Sorry for the delay,
I don't really thing anonymous downvotes are this bad, proof of brain in theory doesn't require you to know who is voting/downvoting you, it's like likes/dislikes on social media.
I believe what you suggested with tags has already been though of and even tried but I don't remember when. I think it was abandoned because people people would bot the service to get downvotes to people they didn't like even if the post was good.
I think curangel has something like this where people vote on posts to be downvoted.
But it's an interesting one, having a layer 2 service where people can vote on whether a post should be downvoted or not anonymously and then a bot on which people would delegate voting power to it would downvote depending on the results of such votes.
But downvoting is always tricky and causes a lot of frustration from users and downvoters, I honestly think that while proof of brain is great on paper, it fails in real life and we should try to find another model for reward distribution altogether.
Do you have any thoughts or ideas for what that model might look like?
Not yet but it's thoughts I've been having, I need to take some time to think this through.
Cool, keen to hear when you've had some chance to think more about it.
One thing I myself am quite interested in is allowing communities to experiment with different economic models.

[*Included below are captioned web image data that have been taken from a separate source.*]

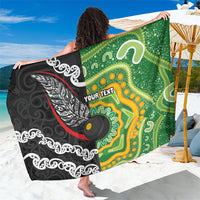Personalised Aotearoa and Australia Lawn Bowls Sarong Maori Fern and Aboriginal Pattern LT03 One Size 44 x 66 inches Multicolor - Polynesian Pride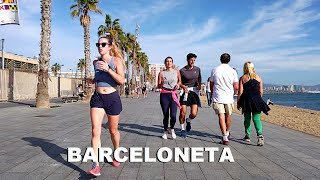 Barcelona in Autumn  Paseo Maritimo Barceloneta  October 2023 SPAIN 4K [upl. by Arymahs]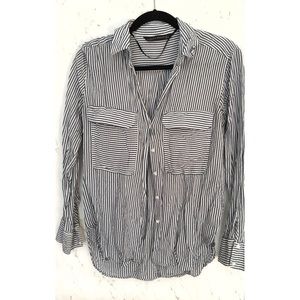 Striped button-down top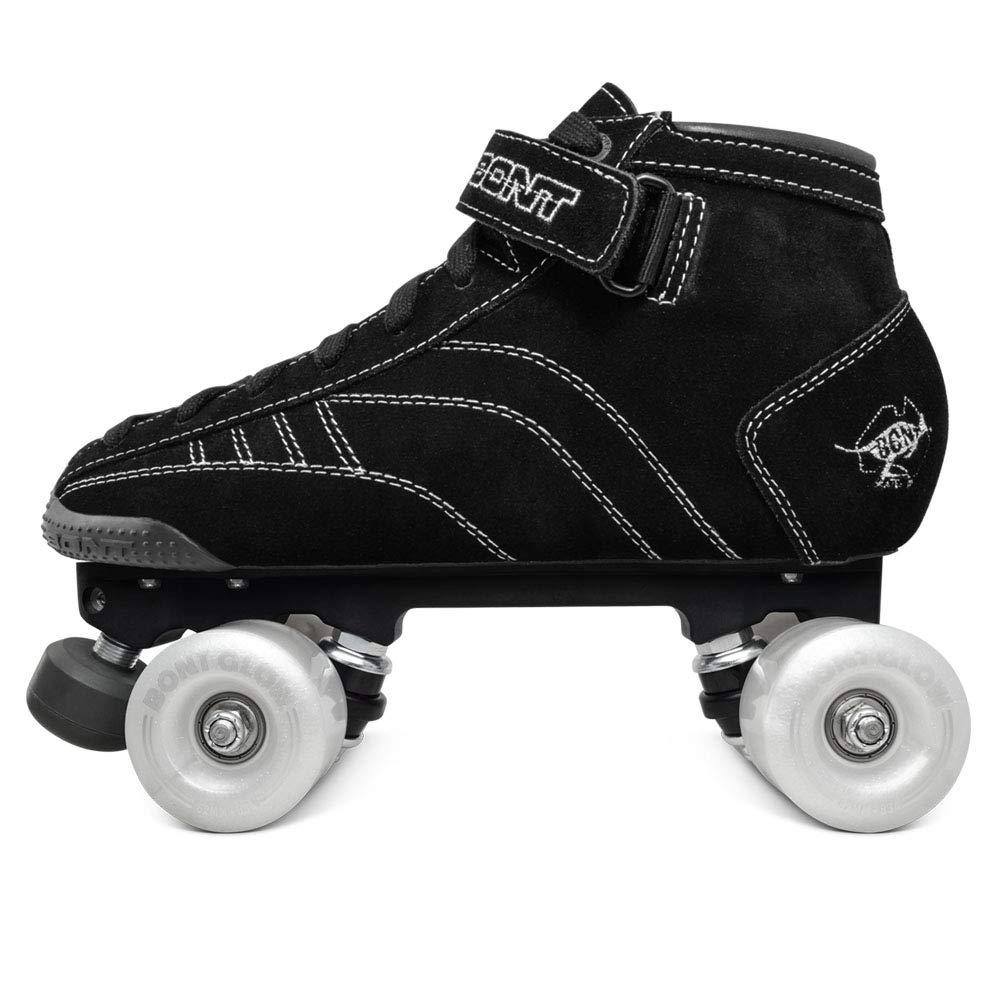 Bont Skates - Prostar Black Suede Professional Roller Skates with Glow Light Up Led Wheels - Indoor and Outdoor - Youth - Boys - Girls - Men - Women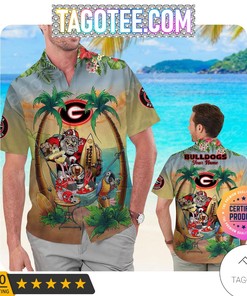 NCAA Georgia Bulldogs Custom Name Flamingo Parrot Hawaiian Shirt - Personalized and Unique 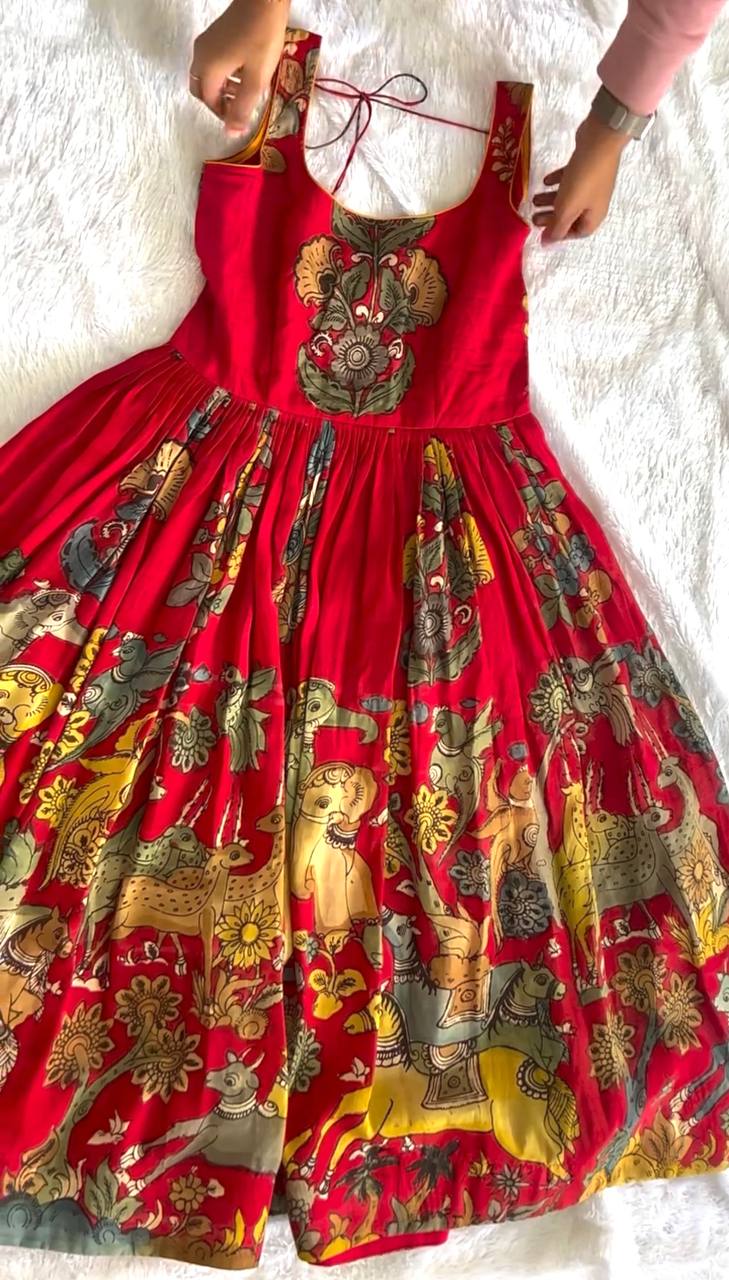 Red Pure Banarasi Silk Digital Print Anarkali Gown with Dupatta Set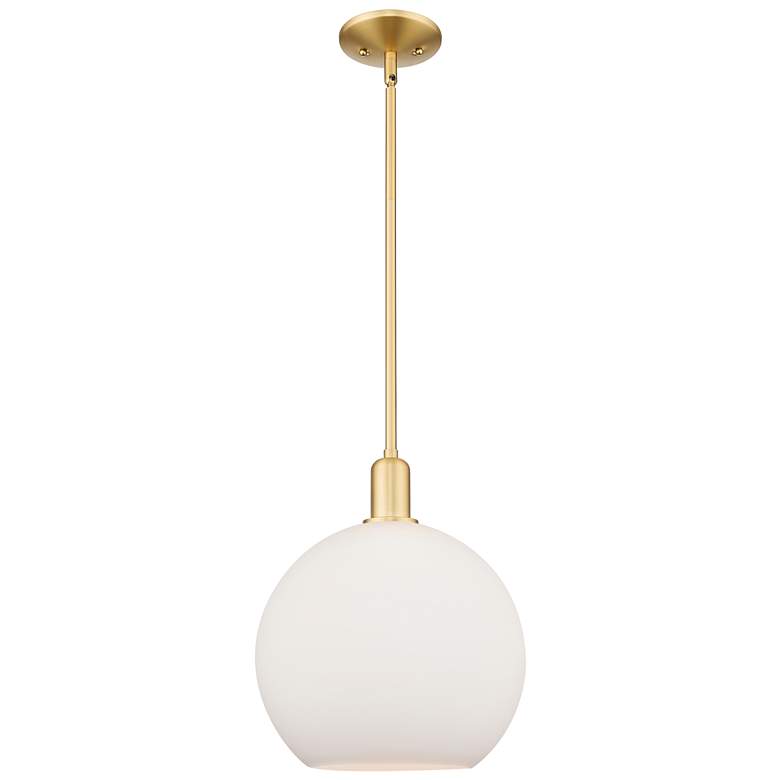 Image 1 Arcadia Athens 12"W Gold Stem Hung Mini Pendant w/ Matte White Shade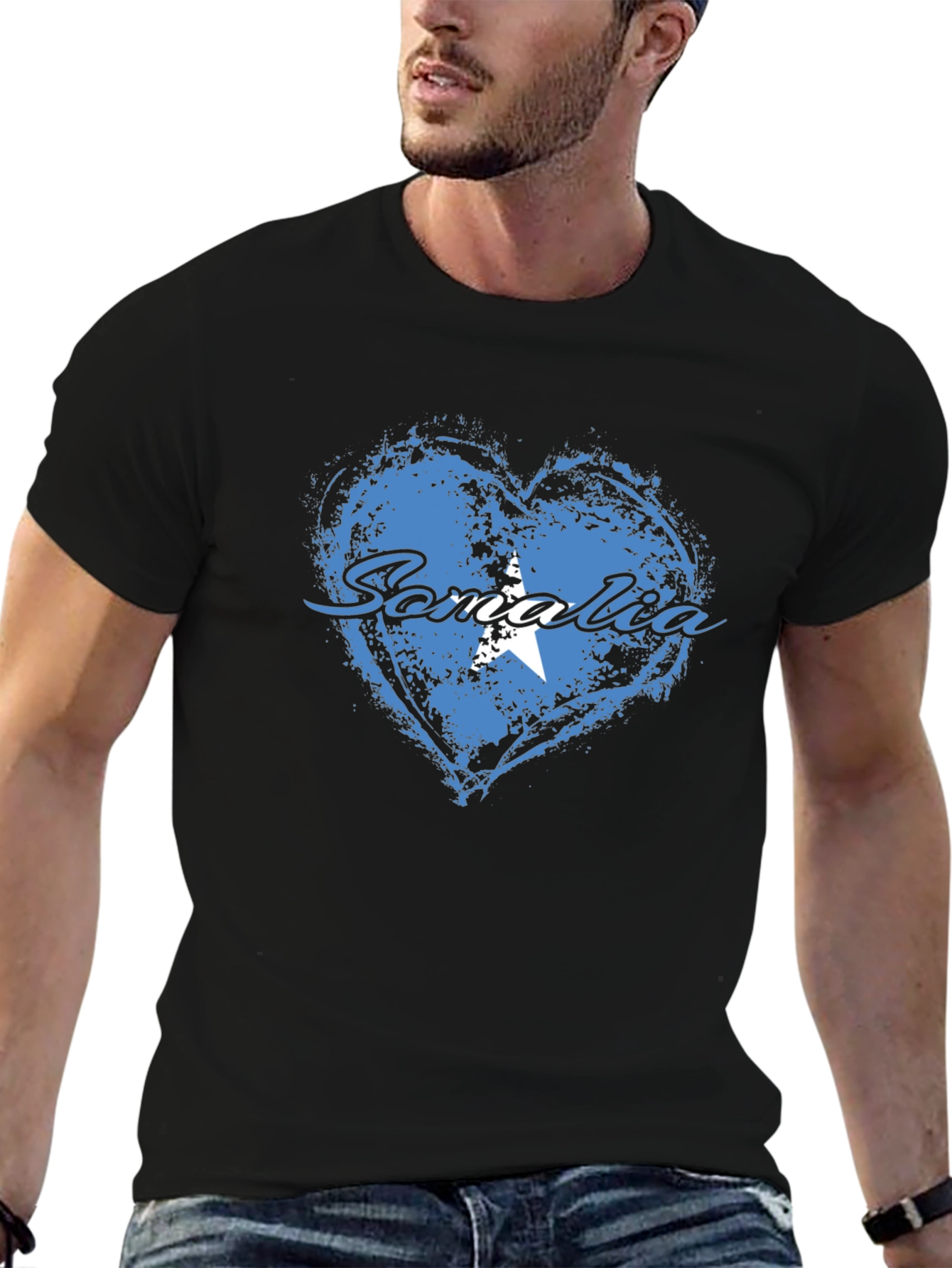 Somalia Flag Heart T-Shirt - Black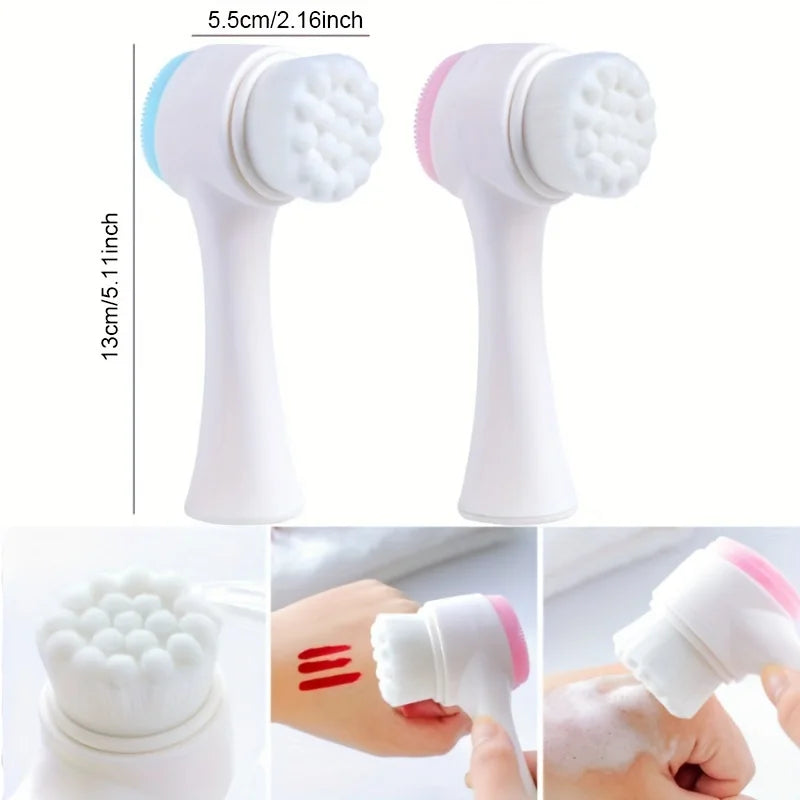 Double-Sided Silicone Facial Cleansing Brush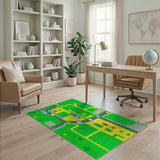 Kids Play Road Rug with Cars Houses Trees
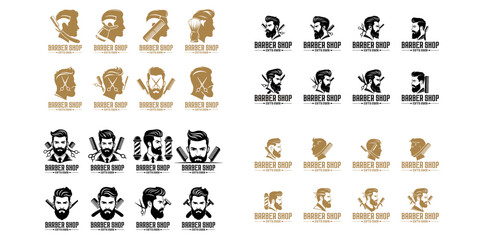 A collection of flat illustrations of men's faces with various hairstyles and shaving tools for barbershop logo designs, products for men.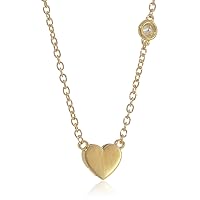 Syd by SE Heart Necklace with Diamond Bezel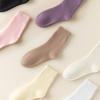 Autumn and Winter Thick Solid Color Woolen Hoop Socks Fashionable Warm and Cold Proof High Wall  Long  Socks  Practical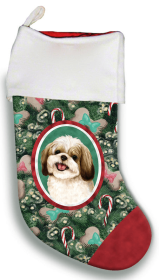 Shih Tzu - Gold and White- Best of Breed Christmas Stocking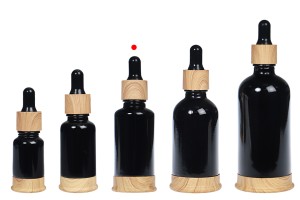 Flacon en verre 30 ml noir avec compte-gouttes en plastique et base en bois-εικόνα_σύνθεση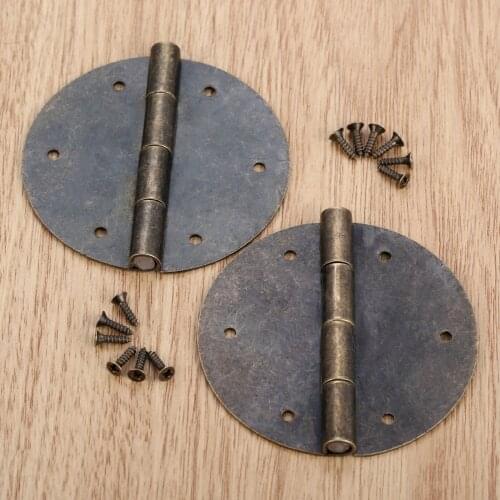 2Pcs 60mm Antique Bronze Jewelry Wood Boxes Butt Hinges Round Door Cabinet Decorative Hinges Furniture Decoration w/Screws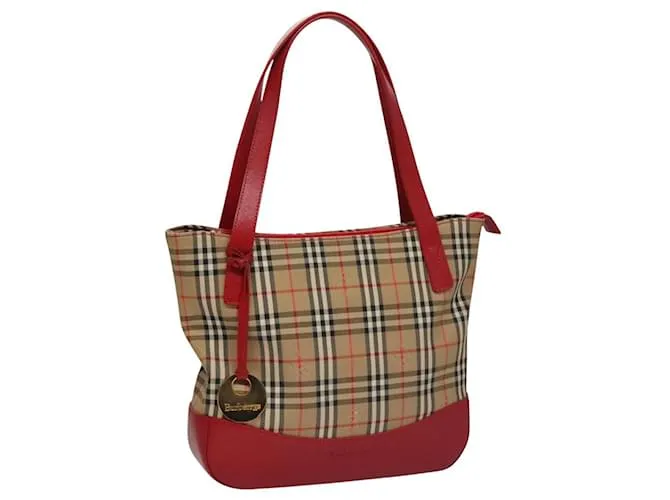 Autre Marque Borsa a mano in tela e pelle Burberrys Nova Check beige rosso oro Auth 108865 D'oro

I'm not talking about SMTs, although of course they will come later and allow even more experimentation. But what if a community owner account can be set as the mandatory beneficiary of 100% of the rewards generated in that community? Maybe those who are solely interested in the rewards will not participate, or maybe they will, depending on what the community decides to do with the rewards (e.g. a local group can have monthly parties paid for by the community's rewards, etc.). How will people's behavior in that community be different if they don't personally seek to maximize their rewards or even participate for the rewards? Hive without the rewards seems like an interesting experiment which I think can easily be tried with some additions to Hivemind.